She waited 30 minutes for her son Biron to get out of his speech therapy class, three hours on the bus to get him from their small community in rural Ecuador to the class in Riobamba, and three years for him to finally say his first word, which she said beaming with pride, was “mama.”            

Biron was born with no roof in his mouth. This birth defect has made it very difficult for him to eat and drink throughout his life, and seriously stunted his linguistic development.

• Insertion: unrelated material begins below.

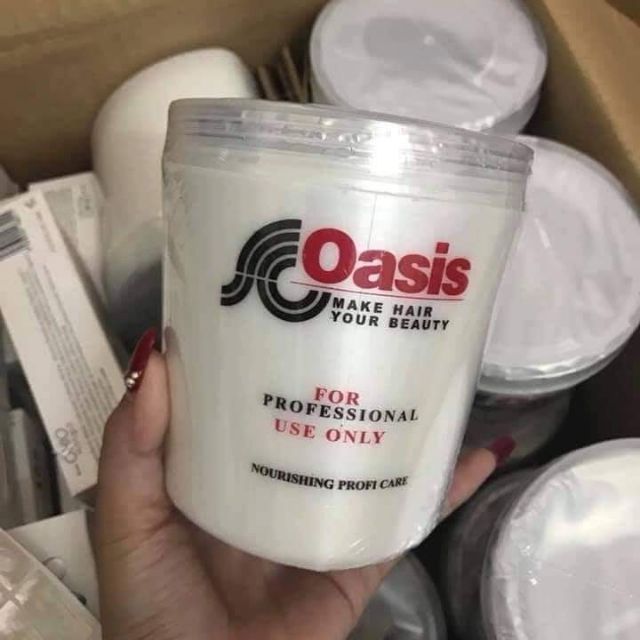 Ủ tóc thơm mềm mượt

“I felt happy when he spoke and I saw that he was recovering. I felt like anything was possible, I asked god for him to recover and he is with the help of the foundation (MEDLIFE), thank god.”        

Elsa first realized something was wrong with Biron right after he was born, when he wasn’t able to breast feed normally. She tried feeding him powdered milk, an expensive thing to buy for a poor farming family, but still the milk would come out of his nose. She was never able to afford to take him to a doctor, or to figure out how to navigate Ecuador’s confusing public healthcare system on her own, but she eventually figured out how to feed him as an infant by plugging his nose and pouring powdered milk into his mouth.

  As he got older, when he would try and eat solid food, it would get stuck in his nose. At close to age 3 he still was not able to properly pronounce any word.

“I have many hopes for him, but sometimes because of money it isn’t a possibility. I want him to be able to speak well and be normal with other kids,” said Elsa, as she sat on a bench near a fountain in a plaza in Riobamba after speech therapy.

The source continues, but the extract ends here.